Motivation: all models are wrong, including `$F$` and `$F'$`

Motivation: overfitting to noise... what's noise?

---

# What *is* noise?

The effect of all (causal?) factors not captured by the model

Could be different reasons for failing to capture

- Measurement issues
- Wrong functional relationship
- Variables excluded (maybe not even measured or defined)

*Does not require physical randomness* (which maybe doesn't exist...)

Something considered **noise** in one setting, or by one modeler, could be **signal** to a different observer

---

### Noise and residuals in regression

(*One of the most "agnostic" or minimal-theory ways of defining regression is as estimation of a conditional expectation function, without assuming any specific functional form like linearity*). The "noise" in regression is defined as

$$
\varepsilon = y - \mathbb E_F[y | \mathbf x]
$$
--

But this is math, not applied data analysis! Requires assuming a probability distribution `$F$` / random variable model

Otherwise, how do we define expectation?

We never observe `$\varepsilon$`, only residuals `$r_i = y_i - \hat f(\mathbf x_i)$` of some model `$\hat f$` *fit with specific assumptions/algorithms*

---

# What is bias/variability?

Two analysts start with different assumptions

e.g. linearity vs flexible non-parametric methods

Fit different regression functions

Compute different residuals

See different patterns (or lack thereof) in residuals

Something considered **variation** in one setting, or by one modeler, could be **bias** to a different observer

---

## Data science

In the "real world" there is a data generation process (DGP)

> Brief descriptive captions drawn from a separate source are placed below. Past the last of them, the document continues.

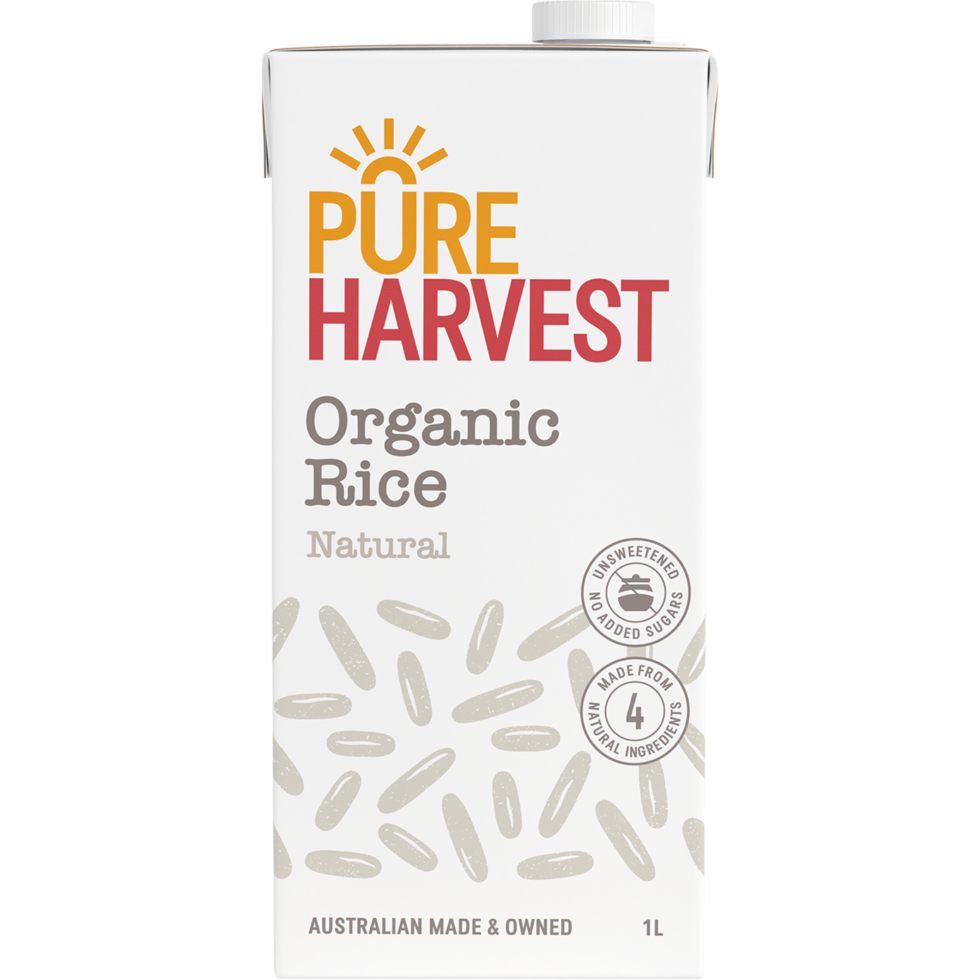 Pureharvest Original Rice Milk in a natural, healthy beverage bottle, showcasing the product's clean label and packaging.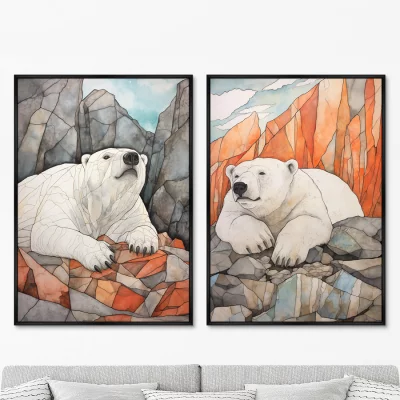 Набор из двух постеров на холсте Polar bears 75X105 / 75X105 CM 8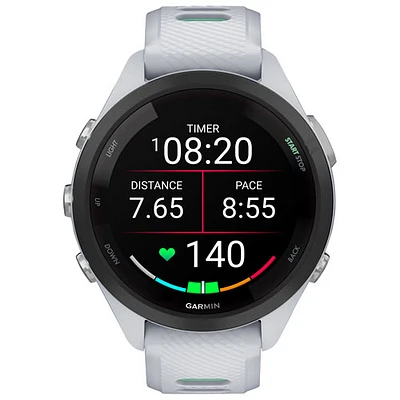 Montre intelligente Bluetooth de 42 mm Forerunner 265S de Garmin pour la course - Blanc/Neo Tropic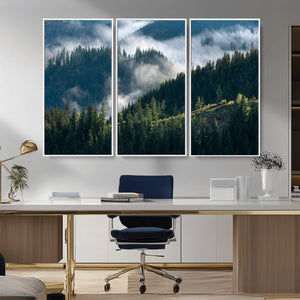 Misty Forest Wall Art Canvas Print, Serene Pine Hills and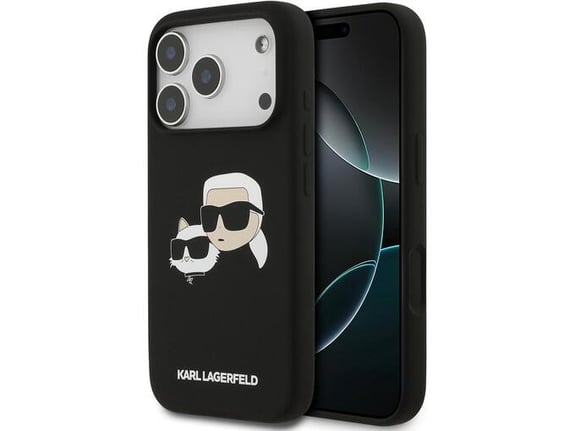 KARL LAGERFELD silikonski ovitek za iPhone 17 Pro, črna, KLHMP17LSKCHPPLK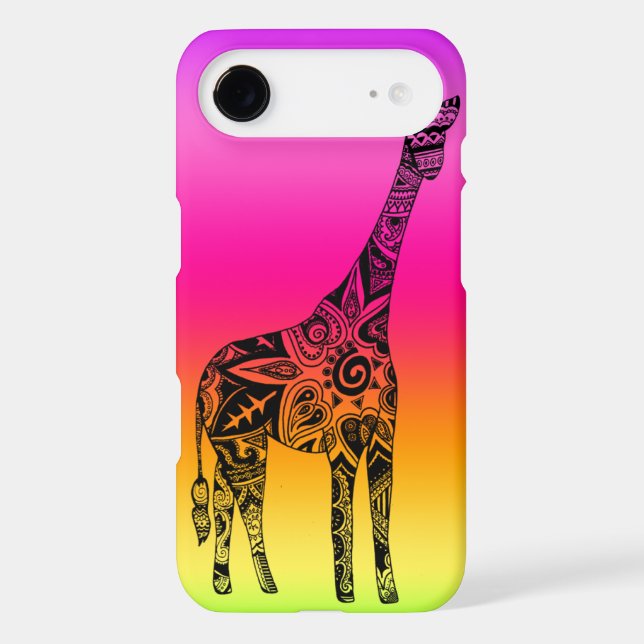 Pink & Green Neon Giraffe Case-Mate iPhone Case (Back)
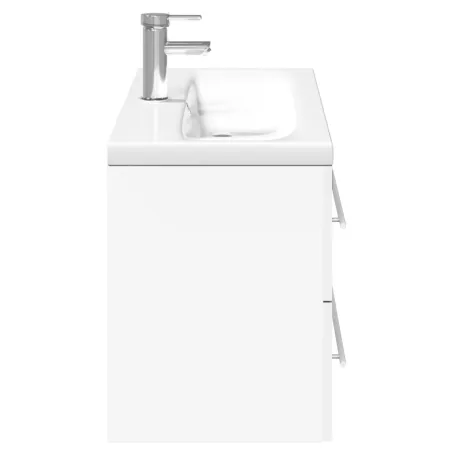 Armoire lavabo de salle de bain avec bassin intégré blanc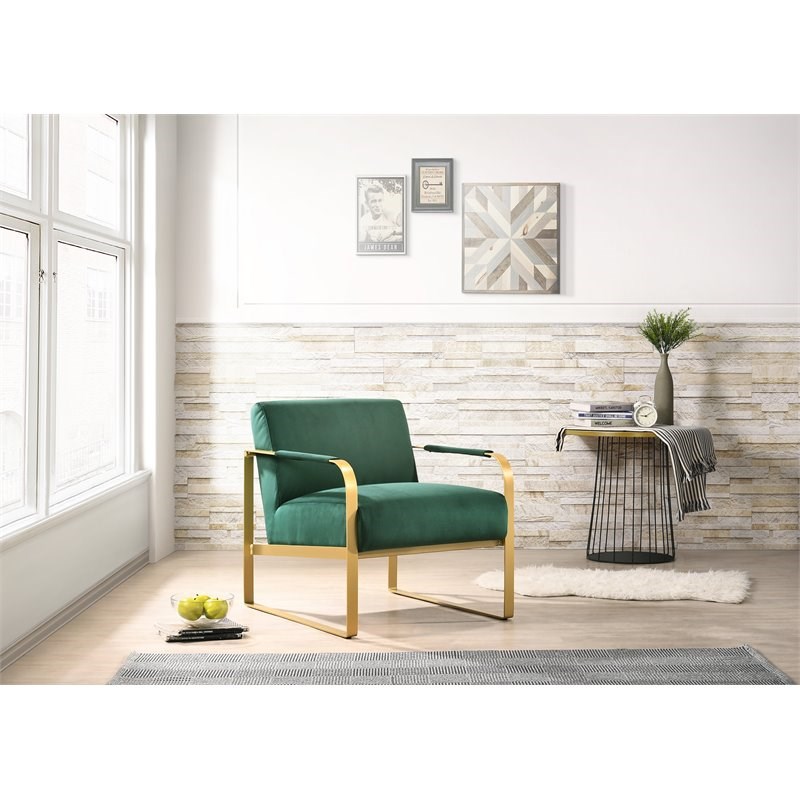 Omax Decor Mason Steel/Velvet Upholstered Lounge Accent Chair in Green/Gold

We *assume* this can be modeled as an i.i.d. sample from a probability distribution `$F$`

Probability model / mathematical justification for our methods

#### All models are wrong

Could model DGP as a mixture of distributions `$F$` and `$F'$` (heterogeneity), or time-varying `$F^t$`

Training/test data randomly shuffled?

Generalization in/out of distribution?

---

## Two data scientists diverged...

Starting with different assumptions about DGP

Use different strategies to avoid overfitting

e.g. different ways of splitting into training and test data

Something considered **ID generalization** in one setting, or by one modeler, could be **OOD generalization** to a different observer

---

## Statistical take-aways

Mathematical distinctions between ID and OOD generalization rely on assumptions (as do statistical distinctions between bias and variability)

ML methods for avoiding overfitting are motivated by ID generalization, guard against **overfitting to variability**

In applications, ID/OOD distinctions break down. If we probe them a bit we find it's more gray area / ambiguous

Most scientists and decision-makers care about [external validity](https://en.wikipedia.org/wiki/External_validity), conceptually related to OOD generalization

**Overfitting to bias** is a serious, widely neglected problem!

---
class: inverse, center, middle

# Considerations

of the

## scientific and philosophic variety

### with respect to overfitting

Motivation: does science overfit? Can philosophy of science help us understand how to prevent it? What about causality?

---

### Stability, invariance, and causality

**Idea**: causal relationships should persist despite (some) [changes](https://plato.stanford.edu/entries/causation-counterfactual/#ConInv) in "[background](https://static1.squarespace.com/static/54023011e4b00d99c7bb97f9/t/547b5b1fe4b0464e56d755b4/1417370399799/PoS1997.pdf) [conditions](https://static1.squarespace.com/static/54023011e4b00d99c7bb97f9/t/5445ceb4e4b06ae793389dad/1413861044101/BandP2010.pdf)"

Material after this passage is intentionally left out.